Google has overcome this by allowing publishers to introduce a floor that acts as an artificial bid. If a floor was $1.00, but the second bid was less than $1.00, the price paid by the winning bidder becomes $1.00, meeting the publishers minimum expectation while delivering the impression that the winner wanted to buy. This sounds great!
There is a problem though. Because the bids and asks (unlike in many electronic financial exchanges such as Archipelago) are closed, publishers increasingly feel pressured to use floors to daisy chain impressions, manipulating bidding to maximize revenue. Floors are used something like this:
- Suspecting a situation with significant disequilibrium between first and second bids, a publisher might set a floor of $5.00. When the floor is higher than the first bid, the impression is passed back to the publisher.
- The publisher than sends the impression back to the exchange, with a new $4.00 floor.
- Repeat until auction is executed.
In a world of RTB, this is a situation hard to police and frankly, one that the exchange is not super-incented to fix as it extracts higher eCPMs.
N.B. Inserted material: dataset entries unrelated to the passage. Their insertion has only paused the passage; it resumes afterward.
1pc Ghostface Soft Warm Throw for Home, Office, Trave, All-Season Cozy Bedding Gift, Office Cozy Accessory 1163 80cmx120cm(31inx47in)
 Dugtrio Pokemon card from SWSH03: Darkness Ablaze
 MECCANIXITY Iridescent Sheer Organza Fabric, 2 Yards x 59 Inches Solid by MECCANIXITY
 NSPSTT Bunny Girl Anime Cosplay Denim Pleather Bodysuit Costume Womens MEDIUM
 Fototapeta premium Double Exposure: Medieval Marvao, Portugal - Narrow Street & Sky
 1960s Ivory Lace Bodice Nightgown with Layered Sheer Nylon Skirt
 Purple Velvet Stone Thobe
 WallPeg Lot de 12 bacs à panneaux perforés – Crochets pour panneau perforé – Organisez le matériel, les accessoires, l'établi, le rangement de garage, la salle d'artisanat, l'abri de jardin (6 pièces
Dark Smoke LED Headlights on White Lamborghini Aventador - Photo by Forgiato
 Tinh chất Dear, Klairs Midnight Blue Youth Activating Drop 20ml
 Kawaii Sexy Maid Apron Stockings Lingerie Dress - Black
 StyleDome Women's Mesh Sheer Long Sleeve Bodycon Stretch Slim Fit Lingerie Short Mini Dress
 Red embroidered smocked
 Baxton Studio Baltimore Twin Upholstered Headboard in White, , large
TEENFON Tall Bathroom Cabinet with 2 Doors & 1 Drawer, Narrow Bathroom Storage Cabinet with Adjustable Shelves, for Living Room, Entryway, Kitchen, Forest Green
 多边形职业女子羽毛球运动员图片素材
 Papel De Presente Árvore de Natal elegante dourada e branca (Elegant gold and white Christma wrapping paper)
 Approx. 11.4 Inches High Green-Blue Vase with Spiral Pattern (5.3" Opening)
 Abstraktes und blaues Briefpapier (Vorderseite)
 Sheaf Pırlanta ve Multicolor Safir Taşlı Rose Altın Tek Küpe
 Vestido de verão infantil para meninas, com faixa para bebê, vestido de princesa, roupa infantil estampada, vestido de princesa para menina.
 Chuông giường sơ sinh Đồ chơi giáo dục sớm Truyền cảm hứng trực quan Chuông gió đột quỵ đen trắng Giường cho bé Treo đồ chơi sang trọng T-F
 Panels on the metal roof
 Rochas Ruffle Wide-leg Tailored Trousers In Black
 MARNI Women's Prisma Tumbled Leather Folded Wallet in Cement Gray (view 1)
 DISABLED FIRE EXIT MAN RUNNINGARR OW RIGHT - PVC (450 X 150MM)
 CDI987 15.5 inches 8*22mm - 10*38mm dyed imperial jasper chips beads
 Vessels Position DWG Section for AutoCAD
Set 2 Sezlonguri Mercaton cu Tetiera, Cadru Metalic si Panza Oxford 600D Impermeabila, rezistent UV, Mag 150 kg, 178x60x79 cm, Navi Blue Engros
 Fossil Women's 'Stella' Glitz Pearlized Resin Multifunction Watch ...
What makes this really nuts is that, as publishers create and manipulate tiers to attempt to discover bid prices, advertisers are encouraged to adjust bids to attempt to discover artificial floor prices introduced by publishers. The result is a constant moving target by both parties, adjusting floors up and down by pennies and dimes while advertisers adjust bids and frankly, experience wholesale changes in liquidity (campaigns come and go) that throw an unpredictable wrench in all these algorithms.
I know lots of startups are thinking hard about these issues. It is great that we live in a market with so much white space.